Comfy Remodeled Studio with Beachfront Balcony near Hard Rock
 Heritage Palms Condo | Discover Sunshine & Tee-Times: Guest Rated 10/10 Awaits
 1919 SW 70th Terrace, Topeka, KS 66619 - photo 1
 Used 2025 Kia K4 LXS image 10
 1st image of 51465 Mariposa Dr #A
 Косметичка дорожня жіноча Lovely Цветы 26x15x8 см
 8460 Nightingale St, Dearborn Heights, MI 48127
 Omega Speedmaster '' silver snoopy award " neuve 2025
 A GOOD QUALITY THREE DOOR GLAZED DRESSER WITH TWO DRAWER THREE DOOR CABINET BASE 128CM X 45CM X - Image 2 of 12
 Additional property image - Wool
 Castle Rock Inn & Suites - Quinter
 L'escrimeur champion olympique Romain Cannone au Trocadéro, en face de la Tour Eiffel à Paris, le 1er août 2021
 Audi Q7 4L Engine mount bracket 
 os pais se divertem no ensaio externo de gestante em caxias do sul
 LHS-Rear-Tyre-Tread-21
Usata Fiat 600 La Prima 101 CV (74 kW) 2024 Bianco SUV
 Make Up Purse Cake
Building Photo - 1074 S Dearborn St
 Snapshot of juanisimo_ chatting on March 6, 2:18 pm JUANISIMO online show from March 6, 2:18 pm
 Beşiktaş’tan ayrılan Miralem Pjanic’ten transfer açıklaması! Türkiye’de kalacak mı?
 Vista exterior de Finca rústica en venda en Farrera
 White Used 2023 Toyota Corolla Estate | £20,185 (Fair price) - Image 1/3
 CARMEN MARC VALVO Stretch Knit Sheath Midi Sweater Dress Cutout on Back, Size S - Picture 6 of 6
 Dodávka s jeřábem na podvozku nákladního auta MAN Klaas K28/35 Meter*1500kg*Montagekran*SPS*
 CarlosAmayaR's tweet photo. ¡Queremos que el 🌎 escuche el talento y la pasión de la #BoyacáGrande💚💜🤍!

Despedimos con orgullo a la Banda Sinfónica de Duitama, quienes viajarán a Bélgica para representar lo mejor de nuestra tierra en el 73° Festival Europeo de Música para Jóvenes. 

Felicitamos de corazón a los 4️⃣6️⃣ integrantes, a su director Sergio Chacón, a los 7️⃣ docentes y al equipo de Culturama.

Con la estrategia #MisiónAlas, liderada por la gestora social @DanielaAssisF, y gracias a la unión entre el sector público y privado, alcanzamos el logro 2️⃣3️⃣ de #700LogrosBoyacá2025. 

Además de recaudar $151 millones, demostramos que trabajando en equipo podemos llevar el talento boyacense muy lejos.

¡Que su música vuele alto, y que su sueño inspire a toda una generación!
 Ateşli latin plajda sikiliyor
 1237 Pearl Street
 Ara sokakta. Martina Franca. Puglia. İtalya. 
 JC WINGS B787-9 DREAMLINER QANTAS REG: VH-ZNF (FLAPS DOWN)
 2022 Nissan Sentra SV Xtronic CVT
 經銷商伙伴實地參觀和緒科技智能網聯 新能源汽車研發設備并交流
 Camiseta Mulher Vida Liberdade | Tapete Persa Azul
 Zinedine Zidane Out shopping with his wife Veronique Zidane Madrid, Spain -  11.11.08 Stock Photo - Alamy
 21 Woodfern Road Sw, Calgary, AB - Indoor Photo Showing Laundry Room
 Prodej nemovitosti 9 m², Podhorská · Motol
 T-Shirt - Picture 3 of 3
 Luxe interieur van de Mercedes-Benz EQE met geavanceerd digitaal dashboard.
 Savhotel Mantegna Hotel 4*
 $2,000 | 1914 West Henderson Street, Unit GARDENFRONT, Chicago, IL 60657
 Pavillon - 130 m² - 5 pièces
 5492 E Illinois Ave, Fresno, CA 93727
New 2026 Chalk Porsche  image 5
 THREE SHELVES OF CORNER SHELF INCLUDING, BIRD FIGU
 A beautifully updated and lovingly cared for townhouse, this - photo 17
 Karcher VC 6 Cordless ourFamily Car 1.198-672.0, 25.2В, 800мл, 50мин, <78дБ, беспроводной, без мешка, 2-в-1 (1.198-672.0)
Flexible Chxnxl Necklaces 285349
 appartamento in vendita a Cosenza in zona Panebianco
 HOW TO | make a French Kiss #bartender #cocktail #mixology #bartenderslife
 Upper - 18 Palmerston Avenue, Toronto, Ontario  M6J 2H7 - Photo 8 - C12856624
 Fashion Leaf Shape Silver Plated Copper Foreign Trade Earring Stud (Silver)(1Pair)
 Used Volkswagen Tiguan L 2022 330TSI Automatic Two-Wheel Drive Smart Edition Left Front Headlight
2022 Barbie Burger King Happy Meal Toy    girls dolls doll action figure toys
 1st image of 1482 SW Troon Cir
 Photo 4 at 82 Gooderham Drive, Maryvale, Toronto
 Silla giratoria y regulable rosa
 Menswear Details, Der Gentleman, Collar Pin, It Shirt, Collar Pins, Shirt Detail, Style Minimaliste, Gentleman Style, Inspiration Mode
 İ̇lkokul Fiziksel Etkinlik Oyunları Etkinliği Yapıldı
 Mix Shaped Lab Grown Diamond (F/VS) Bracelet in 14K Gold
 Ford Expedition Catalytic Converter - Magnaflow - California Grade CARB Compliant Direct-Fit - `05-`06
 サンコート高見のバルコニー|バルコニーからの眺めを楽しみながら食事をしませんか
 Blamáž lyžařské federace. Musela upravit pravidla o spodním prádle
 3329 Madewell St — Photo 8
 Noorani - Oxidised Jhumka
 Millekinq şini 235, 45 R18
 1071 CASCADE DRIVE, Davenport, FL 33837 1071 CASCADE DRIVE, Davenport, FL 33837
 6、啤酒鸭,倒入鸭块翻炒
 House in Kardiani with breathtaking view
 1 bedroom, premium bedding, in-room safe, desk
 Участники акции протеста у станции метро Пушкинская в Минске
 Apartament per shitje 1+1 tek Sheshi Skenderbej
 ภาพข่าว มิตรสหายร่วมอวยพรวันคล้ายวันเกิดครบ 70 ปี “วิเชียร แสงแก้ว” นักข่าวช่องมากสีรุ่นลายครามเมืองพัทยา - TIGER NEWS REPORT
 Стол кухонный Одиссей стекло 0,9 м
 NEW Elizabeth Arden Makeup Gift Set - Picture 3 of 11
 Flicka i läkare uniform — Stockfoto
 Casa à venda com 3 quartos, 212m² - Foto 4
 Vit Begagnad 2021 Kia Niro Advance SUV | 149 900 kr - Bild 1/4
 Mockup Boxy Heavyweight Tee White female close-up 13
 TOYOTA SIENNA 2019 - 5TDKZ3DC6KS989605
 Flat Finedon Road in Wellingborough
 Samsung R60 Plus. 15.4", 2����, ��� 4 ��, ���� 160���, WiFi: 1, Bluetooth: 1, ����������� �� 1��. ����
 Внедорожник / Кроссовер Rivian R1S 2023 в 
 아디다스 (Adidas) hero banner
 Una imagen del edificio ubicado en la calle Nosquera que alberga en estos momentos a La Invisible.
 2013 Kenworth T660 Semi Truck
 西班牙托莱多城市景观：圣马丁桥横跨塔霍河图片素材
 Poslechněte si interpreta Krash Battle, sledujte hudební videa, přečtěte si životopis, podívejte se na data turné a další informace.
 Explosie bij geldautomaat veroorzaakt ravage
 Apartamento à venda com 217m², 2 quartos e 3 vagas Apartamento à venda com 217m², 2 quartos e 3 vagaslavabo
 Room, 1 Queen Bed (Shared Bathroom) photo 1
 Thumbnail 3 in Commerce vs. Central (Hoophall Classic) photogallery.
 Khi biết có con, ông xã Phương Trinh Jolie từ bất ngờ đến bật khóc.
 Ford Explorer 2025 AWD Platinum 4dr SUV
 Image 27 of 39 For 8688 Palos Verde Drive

* * * * *

Word for word, restate the whole of the material above.

Comfy Remodeled Studio with Beachfront Balcony near Hard Rock
 Heritage Palms Condo | Discover Sunshine & Tee-Times: Guest Rated 10/10 Awaits
 1919 SW 70th Terrace, Topeka, KS 66619 - photo 1
 Used 2025 Kia K4 LXS image 10
 1st image of 51465 Mariposa Dr #A
 Косметичка дорожня жіноча Lovely Цветы 26x15x8 см
 8460 Nightingale St, Dearborn Heights, MI 48127
 Omega Speedmaster '' silver snoopy award " neuve 2025
 A GOOD QUALITY THREE DOOR GLAZED DRESSER WITH TWO DRAWER THREE DOOR CABINET BASE 128CM X 45CM X - Image 2 of 12
 Additional property image - Wool
 Castle Rock Inn & Suites - Quinter
 L'escrimeur champion olympique Romain Cannone au Trocadéro, en face de la Tour Eiffel à Paris, le 1er août 2021
 Audi Q7 4L Engine mount bracket 
 os pais se divertem no ensaio externo de gestante em caxias do sul
 LHS-Rear-Tyre-Tread-21
Usata Fiat 600 La Prima 101 CV (74 kW) 2024 Bianco SUV
 Make Up Purse Cake
Building Photo - 1074 S Dearborn St
 Snapshot of juanisimo_ chatting on March 6, 2:18 pm JUANISIMO online show from March 6, 2:18 pm
 Beşiktaş’tan ayrılan Miralem Pjanic’ten transfer açıklaması! Türkiye’de kalacak mı?
 Vista exterior de Finca rústica en venda en Farrera
 White Used 2023 Toyota Corolla Estate | £20,185 (Fair price) - Image 1/3
 CARMEN MARC VALVO Stretch Knit Sheath Midi Sweater Dress Cutout on Back, Size S - Picture 6 of 6
 Dodávka s jeřábem na podvozku nákladního auta MAN Klaas K28/35 Meter*1500kg*Montagekran*SPS*
 CarlosAmayaR's tweet photo. ¡Queremos que el 🌎 escuche el talento y la pasión de la #BoyacáGrande💚💜🤍!

Despedimos con orgullo a la Banda Sinfónica de Duitama, quienes viajarán a Bélgica para representar lo mejor de nuestra tierra en el 73° Festival Europeo de Música para Jóvenes. 

Felicitamos de corazón a los 4️⃣6️⃣ integrantes, a su director Sergio Chacón, a los 7️⃣ docentes y al equipo de Culturama.

Con la estrategia #MisiónAlas, liderada por la gestora social @DanielaAssisF, y gracias a la unión entre el sector público y privado, alcanzamos el logro 2️⃣3️⃣ de #700LogrosBoyacá2025. 

Además de recaudar $151 millones, demostramos que trabajando en equipo podemos llevar el talento boyacense muy lejos.

¡Que su música vuele alto, y que su sueño inspire a toda una generación!
 Ateşli latin plajda sikiliyor
 1237 Pearl Street
 Ara sokakta. Martina Franca. Puglia. İtalya. 
 JC WINGS B787-9 DREAMLINER QANTAS REG: VH-ZNF (FLAPS DOWN)
 2022 Nissan Sentra SV Xtronic CVT
 經銷商伙伴實地參觀和緒科技智能網聯 新能源汽車研發設備并交流
 Camiseta Mulher Vida Liberdade | Tapete Persa Azul
 Zinedine Zidane Out shopping with his wife Veronique Zidane Madrid, Spain -  11.11.08 Stock Photo - Alamy
 21 Woodfern Road Sw, Calgary, AB - Indoor Photo Showing Laundry Room
 Prodej nemovitosti 9 m², Podhorská · Motol
 T-Shirt - Picture 3 of 3
 Luxe interieur van de Mercedes-Benz EQE met geavanceerd digitaal dashboard.
 Savhotel Mantegna Hotel 4*
 $2,000 | 1914 West Henderson Street, Unit GARDENFRONT, Chicago, IL 60657
 Pavillon - 130 m² - 5 pièces
 5492 E Illinois Ave, Fresno, CA 93727
New 2026 Chalk Porsche  image 5
 THREE SHELVES OF CORNER SHELF INCLUDING, BIRD FIGU
 A beautifully updated and lovingly cared for townhouse, this - photo 17
 Karcher VC 6 Cordless ourFamily Car 1.198-672.0, 25.2В, 800мл, 50мин, <78дБ, беспроводной, без мешка, 2-в-1 (1.198-672.0)
Flexible Chxnxl Necklaces 285349
 appartamento in vendita a Cosenza in zona Panebianco
 HOW TO | make a French Kiss #bartender #cocktail #mixology #bartenderslife
 Upper - 18 Palmerston Avenue, Toronto, Ontario  M6J 2H7 - Photo 8 - C12856624
 Fashion Leaf Shape Silver Plated Copper Foreign Trade Earring Stud (Silver)(1Pair)
 Used Volkswagen Tiguan L 2022 330TSI Automatic Two-Wheel Drive Smart Edition Left Front Headlight
2022 Barbie Burger King Happy Meal Toy    girls dolls doll action figure toys
 1st image of 1482 SW Troon Cir
 Photo 4 at 82 Gooderham Drive, Maryvale, Toronto
 Silla giratoria y regulable rosa
 Menswear Details, Der Gentleman, Collar Pin, It Shirt, Collar Pins, Shirt Detail, Style Minimaliste, Gentleman Style, Inspiration Mode
 İ̇lkokul Fiziksel Etkinlik Oyunları Etkinliği Yapıldı
 Mix Shaped Lab Grown Diamond (F/VS) Bracelet in 14K Gold
 Ford Expedition Catalytic Converter - Magnaflow - California Grade CARB Compliant Direct-Fit - `05-`06
 サンコート高見のバルコニー|バルコニーからの眺めを楽しみながら食事をしませんか
 Blamáž lyžařské federace. Musela upravit pravidla o spodním prádle
 3329 Madewell St — Photo 8
 Noorani - Oxidised Jhumka
 Millekinq şini 235, 45 R18
 1071 CASCADE DRIVE, Davenport, FL 33837 1071 CASCADE DRIVE, Davenport, FL 33837
 6、啤酒鸭,倒入鸭块翻炒
 House in Kardiani with breathtaking view
 1 bedroom, premium bedding, in-room safe, desk
 Участники акции протеста у станции метро Пушкинская в Минске
 Apartament per shitje 1+1 tek Sheshi Skenderbej
 ภาพข่าว มิตรสหายร่วมอวยพรวันคล้ายวันเกิดครบ 70 ปี “วิเชียร แสงแก้ว” นักข่าวช่องมากสีรุ่นลายครามเมืองพัทยา - TIGER NEWS REPORT
 Стол кухонный Одиссей стекло 0,9 м
 NEW Elizabeth Arden Makeup Gift Set - Picture 3 of 11
 Flicka i läkare uniform — Stockfoto
 Casa à venda com 3 quartos, 212m² - Foto 4
 Vit Begagnad 2021 Kia Niro Advance SUV | 149 900 kr - Bild 1/4
 Mockup Boxy Heavyweight Tee White female close-up 13
 TOYOTA SIENNA 2019 - 5TDKZ3DC6KS989605
 Flat Finedon Road in Wellingborough
 Samsung R60 Plus. 15.4", 2����, ��� 4 ��, ���� 160���, WiFi: 1, Bluetooth: 1, ����������� �� 1��. ����
 Внедорожник / Кроссовер Rivian R1S 2023 в 
 아디다스 (Adidas) hero banner
 Una imagen del edificio ubicado en la calle Nosquera que alberga en estos momentos a La Invisible.
 2013 Kenworth T660 Semi Truck
 西班牙托莱多城市景观：圣马丁桥横跨塔霍河图片素材
 Poslechněte si interpreta Krash Battle, sledujte hudební videa, přečtěte si životopis, podívejte se na data turné a další informace.
 Explosie bij geldautomaat veroorzaakt ravage
 Apartamento à venda com 217m², 2 quartos e 3 vagas Apartamento à venda com 217m², 2 quartos e 3 vagaslavabo
 Room, 1 Queen Bed (Shared Bathroom) photo 1
 Thumbnail 3 in Commerce vs. Central (Hoophall Classic) photogallery.
 Khi biết có con, ông xã Phương Trinh Jolie từ bất ngờ đến bật khóc.
 Ford Explorer 2025 AWD Platinum 4dr SUV
 Image 27 of 39 For 8688 Palos Verde Drive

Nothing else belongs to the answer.